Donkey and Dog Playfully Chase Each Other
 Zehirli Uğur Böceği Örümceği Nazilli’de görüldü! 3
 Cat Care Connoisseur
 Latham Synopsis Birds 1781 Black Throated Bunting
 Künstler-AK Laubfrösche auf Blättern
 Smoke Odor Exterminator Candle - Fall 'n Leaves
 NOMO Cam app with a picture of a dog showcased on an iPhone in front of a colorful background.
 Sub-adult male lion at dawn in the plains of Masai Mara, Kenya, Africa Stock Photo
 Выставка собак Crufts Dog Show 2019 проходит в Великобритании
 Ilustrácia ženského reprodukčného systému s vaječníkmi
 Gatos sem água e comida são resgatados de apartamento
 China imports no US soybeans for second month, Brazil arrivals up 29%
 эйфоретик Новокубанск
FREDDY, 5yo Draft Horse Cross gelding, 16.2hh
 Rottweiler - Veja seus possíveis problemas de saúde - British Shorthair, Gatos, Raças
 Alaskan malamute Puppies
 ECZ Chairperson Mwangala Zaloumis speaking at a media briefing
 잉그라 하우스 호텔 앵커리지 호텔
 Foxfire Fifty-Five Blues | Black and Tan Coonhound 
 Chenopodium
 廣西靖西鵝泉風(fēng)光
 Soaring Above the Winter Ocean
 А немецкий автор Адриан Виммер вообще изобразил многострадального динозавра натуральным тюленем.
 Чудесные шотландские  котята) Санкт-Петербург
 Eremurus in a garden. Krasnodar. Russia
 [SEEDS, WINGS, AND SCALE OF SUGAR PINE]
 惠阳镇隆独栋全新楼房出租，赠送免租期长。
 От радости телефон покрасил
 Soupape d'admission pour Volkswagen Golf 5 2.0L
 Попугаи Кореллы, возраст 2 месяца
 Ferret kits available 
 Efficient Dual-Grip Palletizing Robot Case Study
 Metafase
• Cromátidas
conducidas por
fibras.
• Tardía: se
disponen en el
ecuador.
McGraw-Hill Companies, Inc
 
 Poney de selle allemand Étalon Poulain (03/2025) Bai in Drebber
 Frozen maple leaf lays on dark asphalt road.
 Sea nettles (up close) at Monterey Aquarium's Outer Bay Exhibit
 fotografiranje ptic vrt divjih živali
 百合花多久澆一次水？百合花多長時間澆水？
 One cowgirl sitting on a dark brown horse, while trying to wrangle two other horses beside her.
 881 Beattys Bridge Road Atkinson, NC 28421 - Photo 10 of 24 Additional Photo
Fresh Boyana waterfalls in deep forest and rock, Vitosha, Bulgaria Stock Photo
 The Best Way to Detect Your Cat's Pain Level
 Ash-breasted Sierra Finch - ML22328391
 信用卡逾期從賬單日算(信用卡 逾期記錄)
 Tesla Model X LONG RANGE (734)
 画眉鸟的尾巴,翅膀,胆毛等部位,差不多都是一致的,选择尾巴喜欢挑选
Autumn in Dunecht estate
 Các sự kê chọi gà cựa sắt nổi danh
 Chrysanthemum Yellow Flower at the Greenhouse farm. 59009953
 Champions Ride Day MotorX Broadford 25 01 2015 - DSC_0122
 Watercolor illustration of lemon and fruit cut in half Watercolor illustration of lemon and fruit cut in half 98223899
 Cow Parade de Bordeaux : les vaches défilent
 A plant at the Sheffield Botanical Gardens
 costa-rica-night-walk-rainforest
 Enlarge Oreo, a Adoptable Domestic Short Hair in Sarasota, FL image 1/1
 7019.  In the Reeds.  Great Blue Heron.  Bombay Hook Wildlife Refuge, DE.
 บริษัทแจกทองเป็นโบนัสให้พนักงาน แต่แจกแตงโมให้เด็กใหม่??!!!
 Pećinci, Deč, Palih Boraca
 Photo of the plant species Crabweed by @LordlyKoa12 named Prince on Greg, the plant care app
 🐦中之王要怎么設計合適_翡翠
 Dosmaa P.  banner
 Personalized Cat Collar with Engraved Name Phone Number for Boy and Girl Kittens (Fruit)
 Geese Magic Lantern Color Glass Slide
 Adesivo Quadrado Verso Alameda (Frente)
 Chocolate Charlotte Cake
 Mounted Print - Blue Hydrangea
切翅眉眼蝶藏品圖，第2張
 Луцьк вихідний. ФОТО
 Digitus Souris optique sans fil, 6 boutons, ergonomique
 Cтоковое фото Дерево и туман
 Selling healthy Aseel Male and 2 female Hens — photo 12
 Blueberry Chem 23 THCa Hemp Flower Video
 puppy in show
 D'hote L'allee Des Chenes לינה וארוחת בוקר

################

Pull out each line of the records holding the string "Flower".

 Chrysanthemum Yellow Flower at the Greenhouse farm. 59009953
 Blueberry Chem 23 THCa Hemp Flower Video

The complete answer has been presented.